Genomics of common and rare diseases

Genomics of common and rare diseases

(NUIG)

This theme explores how the application of genomics data science to genetic and phenotypic data from studies of illnesses and traits can provide insight into the biology of human disease. The genetic data generated from patients, their families and the general population includes genome-wide association studies (GWAS) and exome and whole genome sequencing studies. These data can capture the full spectrum of DNA variants, in terms of frequency and size, which influence an individual’s likelihood of developing an illness. These data are complemented by an ever-expanding array of functional genomics applications that assay biological activities such as gene expression, gene regulation and genetic interactions down to the level of individual cell types.

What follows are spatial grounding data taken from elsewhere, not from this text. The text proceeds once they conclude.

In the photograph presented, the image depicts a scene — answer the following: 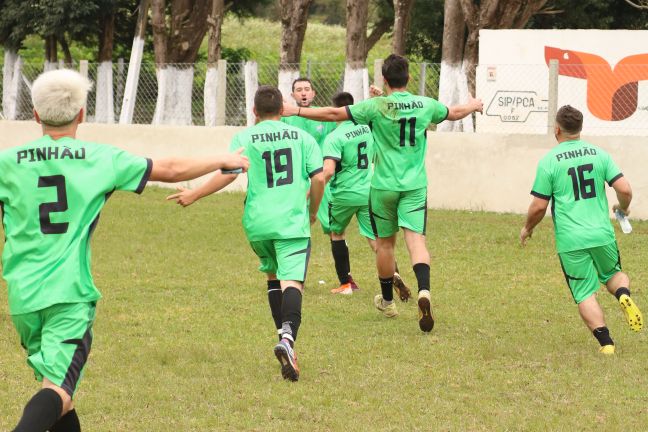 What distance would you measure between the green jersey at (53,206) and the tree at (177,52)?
16.7 m

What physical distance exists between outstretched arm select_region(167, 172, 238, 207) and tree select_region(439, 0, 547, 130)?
12602mm

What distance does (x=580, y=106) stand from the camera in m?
18.2

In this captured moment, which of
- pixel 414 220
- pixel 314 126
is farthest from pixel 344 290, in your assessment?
pixel 414 220

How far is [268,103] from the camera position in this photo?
7.80 metres

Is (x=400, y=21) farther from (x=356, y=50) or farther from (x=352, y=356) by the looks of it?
(x=352, y=356)

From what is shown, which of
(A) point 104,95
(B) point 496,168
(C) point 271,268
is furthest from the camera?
(A) point 104,95

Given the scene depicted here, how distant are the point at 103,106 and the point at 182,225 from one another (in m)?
7.29

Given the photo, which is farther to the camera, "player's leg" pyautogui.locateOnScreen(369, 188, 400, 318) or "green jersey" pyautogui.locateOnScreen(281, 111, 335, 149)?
"green jersey" pyautogui.locateOnScreen(281, 111, 335, 149)

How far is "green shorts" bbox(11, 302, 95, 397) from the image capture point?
5.07 meters

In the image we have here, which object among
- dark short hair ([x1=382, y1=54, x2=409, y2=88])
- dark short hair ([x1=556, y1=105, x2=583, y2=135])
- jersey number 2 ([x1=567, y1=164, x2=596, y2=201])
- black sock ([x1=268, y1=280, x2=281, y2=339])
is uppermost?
dark short hair ([x1=382, y1=54, x2=409, y2=88])

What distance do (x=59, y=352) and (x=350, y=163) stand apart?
6.47 metres

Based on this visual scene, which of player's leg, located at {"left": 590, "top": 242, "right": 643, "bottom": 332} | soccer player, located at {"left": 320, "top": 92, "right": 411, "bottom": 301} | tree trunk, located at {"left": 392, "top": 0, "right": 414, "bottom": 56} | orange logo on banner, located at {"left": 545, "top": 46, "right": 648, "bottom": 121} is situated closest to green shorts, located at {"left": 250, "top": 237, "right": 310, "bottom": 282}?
player's leg, located at {"left": 590, "top": 242, "right": 643, "bottom": 332}

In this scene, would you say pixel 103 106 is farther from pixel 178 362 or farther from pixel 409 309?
pixel 178 362

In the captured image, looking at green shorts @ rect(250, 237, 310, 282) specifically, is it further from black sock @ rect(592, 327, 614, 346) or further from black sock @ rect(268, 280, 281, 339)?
black sock @ rect(592, 327, 614, 346) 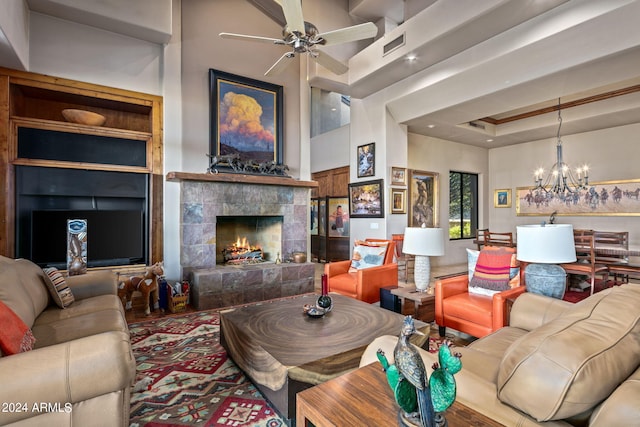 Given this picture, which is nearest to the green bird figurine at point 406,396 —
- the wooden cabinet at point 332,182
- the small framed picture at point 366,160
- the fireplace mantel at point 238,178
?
the fireplace mantel at point 238,178

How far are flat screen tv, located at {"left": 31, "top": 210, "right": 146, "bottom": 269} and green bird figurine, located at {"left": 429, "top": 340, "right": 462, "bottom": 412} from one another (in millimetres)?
4613

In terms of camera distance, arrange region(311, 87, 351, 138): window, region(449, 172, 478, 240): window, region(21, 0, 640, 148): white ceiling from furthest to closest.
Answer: region(311, 87, 351, 138): window
region(449, 172, 478, 240): window
region(21, 0, 640, 148): white ceiling

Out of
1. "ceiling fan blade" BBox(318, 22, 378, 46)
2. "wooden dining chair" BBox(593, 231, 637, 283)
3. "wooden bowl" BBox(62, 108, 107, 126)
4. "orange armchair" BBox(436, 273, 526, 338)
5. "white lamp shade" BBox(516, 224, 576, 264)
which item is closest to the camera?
"white lamp shade" BBox(516, 224, 576, 264)

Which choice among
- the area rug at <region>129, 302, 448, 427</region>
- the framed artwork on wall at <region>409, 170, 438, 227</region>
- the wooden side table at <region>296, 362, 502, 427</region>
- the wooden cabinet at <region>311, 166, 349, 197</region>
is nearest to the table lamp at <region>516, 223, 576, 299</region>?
the area rug at <region>129, 302, 448, 427</region>

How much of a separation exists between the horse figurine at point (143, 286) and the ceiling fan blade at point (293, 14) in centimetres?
331

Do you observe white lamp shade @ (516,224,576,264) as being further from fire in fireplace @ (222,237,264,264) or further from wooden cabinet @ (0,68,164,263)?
wooden cabinet @ (0,68,164,263)

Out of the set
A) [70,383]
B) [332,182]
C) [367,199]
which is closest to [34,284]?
[70,383]

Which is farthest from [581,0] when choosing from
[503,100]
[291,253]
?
[291,253]

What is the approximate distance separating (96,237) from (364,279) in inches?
142

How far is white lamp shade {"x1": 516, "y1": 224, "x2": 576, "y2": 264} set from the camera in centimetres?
220

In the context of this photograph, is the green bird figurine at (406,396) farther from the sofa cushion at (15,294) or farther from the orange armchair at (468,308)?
the sofa cushion at (15,294)

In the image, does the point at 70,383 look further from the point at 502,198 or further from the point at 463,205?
the point at 502,198

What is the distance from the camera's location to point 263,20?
539cm

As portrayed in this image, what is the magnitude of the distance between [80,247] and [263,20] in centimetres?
454
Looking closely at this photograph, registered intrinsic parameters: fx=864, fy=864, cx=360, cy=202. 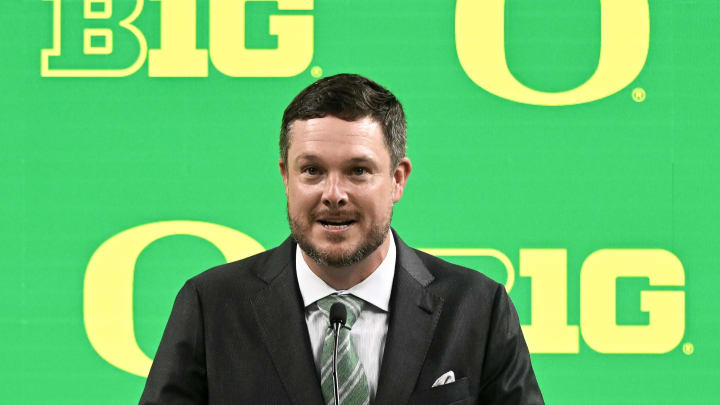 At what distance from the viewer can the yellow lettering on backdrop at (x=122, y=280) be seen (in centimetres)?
337

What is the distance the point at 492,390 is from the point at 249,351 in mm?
643

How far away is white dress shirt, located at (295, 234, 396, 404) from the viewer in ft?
7.37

Phenotypic data includes information on individuals’ health and their environment, past and present, plus other measures of biological functions within different systems of the body. Together, these data help us understand how genes and environment combine to cause or increase risk of illness. Strengths in Irish universities include genetic studies of brain disorders, cancer, cardiovascular illness, nutrition and disorders related to inflammation and the immune system.

Our partner organization Genomics Medicine Ireland is performing large-scale, population-based genomics in Ireland to study rare (Mendelian) diseases, complex traits and cancer. These studies can also leverage available international population-based biobanks that now contain genetic and phenotypic on millions of individuals. Data science is rapidly evolving in this space with novel methods continually being advanced to investigate the genetic basis of illness, develop new diagnostics and therapies and transform clinical care using genomics.